Announcing a public consultation on the draft Criteria, Indicators and Guidance Notes to accompany the BBOP Principles
From its outset, BBOP has worked to develop, test and disseminate best practice on biodiversity offsets so that it becomes a widely recognized and applied tool. Over the past 5 – 10 years biodiversity offsets have gone from a relatively unknown and experimental approach to a growing body of knowledge and experience, although often still applied in an ad hoc manner, and without an agreed framework to measure success. An important area of work for BBOP therefore has been the development of an assurance mechanism that will enable developers and their stakeholders to judge the quality of offset design and implementation.
BBOP is developing a draft standard for biodiversity offsets, to be agreed internationally among BBOP members and improved iteratively based on feedback and trialing by the wider community working on biodiversity offsets. BBOP Advisory Group members have developed a set of draft Criteria and Indicators that support the previously established Principles. The resulting Principles, Criteria and Indicators (PCI) framework serves as a tool to determine whether an offset has been designed and subsequently implemented in accordance with the BBOP Principles. An accompanying set of draft Guidance Notes for auditors has also been developed.
BBOP has begun a public consultation process on the PCI framework and associated material. We invite BBOP Learning Network members to visit www.bbopconsultation.org to download the draft PCI, Guidance Notes, and technical Resource Papers on issues surrounding Principle 1 (No Net Loss) and Principle 4 (Limits to what can be offset), log on to the site and provide feedback to an on-line questionnaire.
- The closing date for your feedback on the PCI and Guidance Notes is 15 July, 2011.
- The closing date for your feedback on the two Resource Papers is 29 July, 2011.

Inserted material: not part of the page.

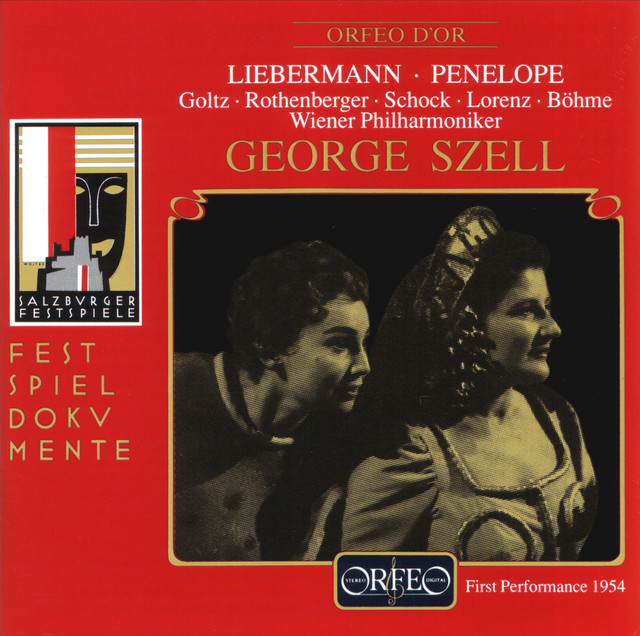 Liebermann: Penelope (Live)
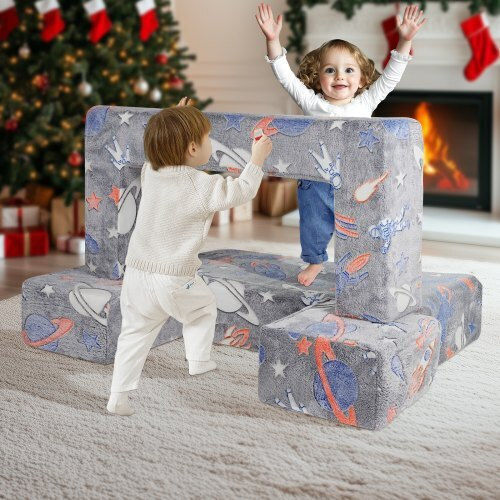 Kindersofas Gray 4Stück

We would appreciate your input to help shape a draft standard on biodiversity offsets, which we expect to release in early 2012.

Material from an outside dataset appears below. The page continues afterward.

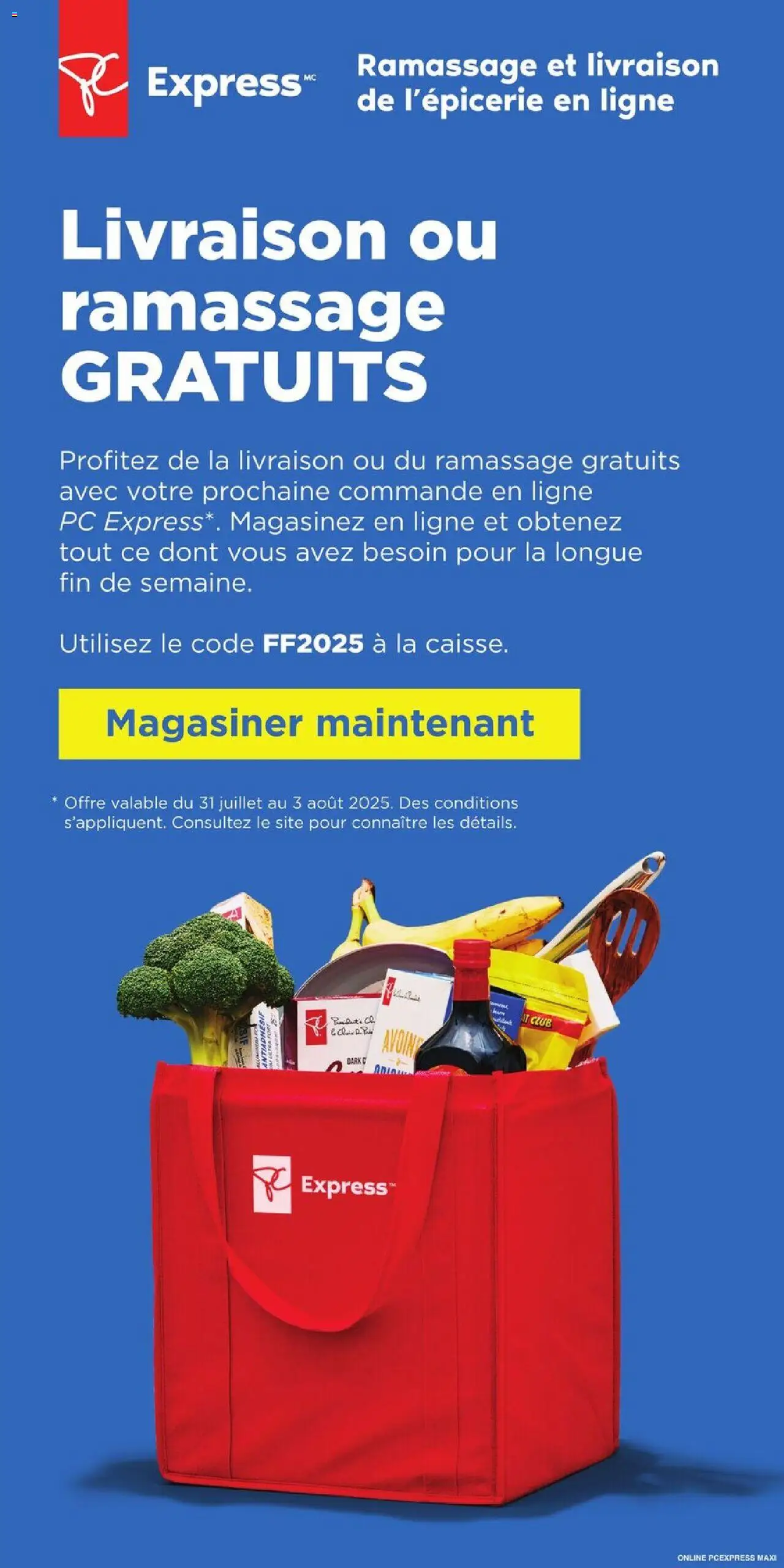 Maxi flyer valid from Jul 31, 2025 - page number 13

BBOP will hold a one day training on the PCI framework and its applications for interested companies and auditors after our annual meeting in Washington DC in late Oct 2011
Biodiversity offsets in the UK’s Natural Environment White Paper
The UK's Department for Environment, Food and Rural Affairs (Defra) – a new BBOP Advisory Group member – has recently released its Natural Environment White Paper outlining the Government’s vision for the natural environment over the next 50 years. As noted in the previous BBOP newsletter, Defra undertook a consultation on how offsets could be implemented in England. The report answers that question in part by calling for "an ambitious, integrated approach, creating a resilient ecological network across England. We will move from net biodiversity loss to net gain, by supporting healthy, well-functioning ecosystems and coherent ecological networks." The report also calls for the establishment of a new, voluntary approach to biodiversity offsets and testing that approach in pilot areas.
The IFC Performance Standard Revision
The IFC Performance Standard revision process officially closed on 12 May, with the IFC's Board of Directors approval of the updated Sustainability Framework, the culmination of a comprehensive two-and-a-half year review and an 18-month consultation process. The IFC will disclose the updated Sustainability Framework, including the revised Performance Standard 6 on Biodiversity Conservation and Sustainable Management of Living Natural Resources (PS6) on August 1, 2011, with an effective date of January 1, 2012.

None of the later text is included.